The Zambian kwacha’s 42-day record losing streak against the dollar is set to continue until the government deals with its $12 billion of external debt, despite official attempts to support the beleaguered currency, according to StoneX Group Inc.
A copper price that has climbed to almost eight-year highs has failed to stem the tide after Africa’s second-biggest producer of the metal became the continent’s first pandemic-era default. It failed to make a $42.5 million payment on a $1 billion Eurobond in November, and the government stopped servicing most external commercial debt.
“In an attempt to reduce the volatility and devaluation seen during large parts of 2020, the Bank of Zambia has introduced some curbs on local foreign-exchange pricing which has helped to stem excessive volatility,” David Willacy, a senior foreign-exchange trader at StoneX Group Inc. in London, said in an emailed response to questions. “It is likely the kwacha will continue to depreciate in the absence of any new large dollar inflows, or debt agreements from the government.”
The currency has weakened 9% against the dollar since September, but its depreciation has been more gradual this year after the government introduced regulations limiting dollar pricing variance for banks.
The Bank of Zambia has much greater control of the foreign-exchange market after legislation was introduced requiring mining companies, which account for more than 70% of export earnings, to pay taxes and royalties in dollars directly to the central bank.
Still, foreign exchange reserves have continued to slide and reached a near-record low of $1.28 billion by the end of October, according to the latest data from the central bank. Continued kwacha weakness will place further pressure on inflation that’s already breached 20%, and on the nation’s debt metrics.
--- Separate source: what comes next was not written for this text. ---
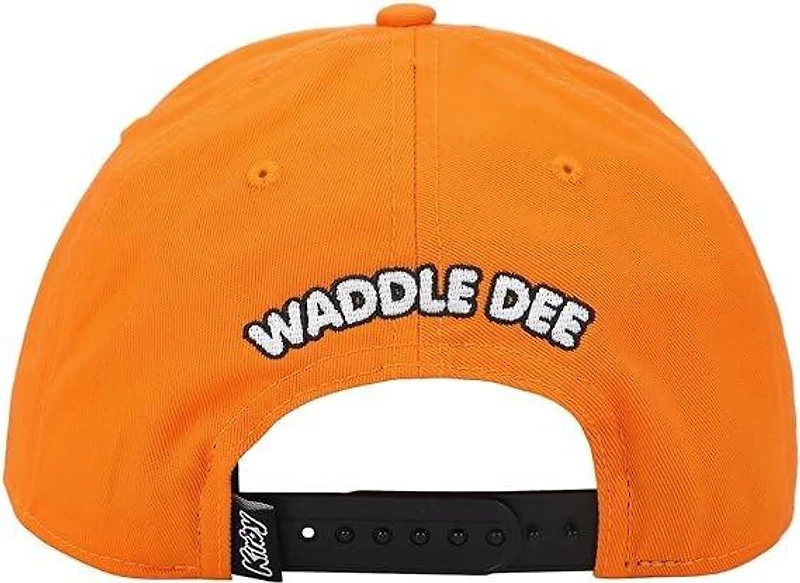 Kirby Waddle Dee Face Woven Label Adult Snapback Hat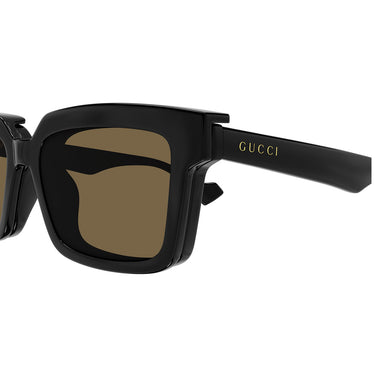 Gucci Occhiali da Sole e da Vista GG1543S 004 Nero/Trasparente Uomo 6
The country is scheduled for talks with the International Monetary Fund from Feb. 11 to March 3, and an agreement is crucial as holders of $3 billion in Eurobonds have demanded a deal with the Washington-based lender as a condition for agreeing to a restructuring of the debt. That’s unlikely to happen before elections scheduled for August.
The Bank of Zambia will continue to use all monetary and foreign-exchange intervention options to manage the volatility of the kwacha, Finance Minister Bwalya Ng’andu told lawmakers Tuesday in Lusaka, the capital. It’s also working with commercial lenders to increase liquidity in the foreign-exchange market, and changed rules to avoid volatility fueled by speculation, he said.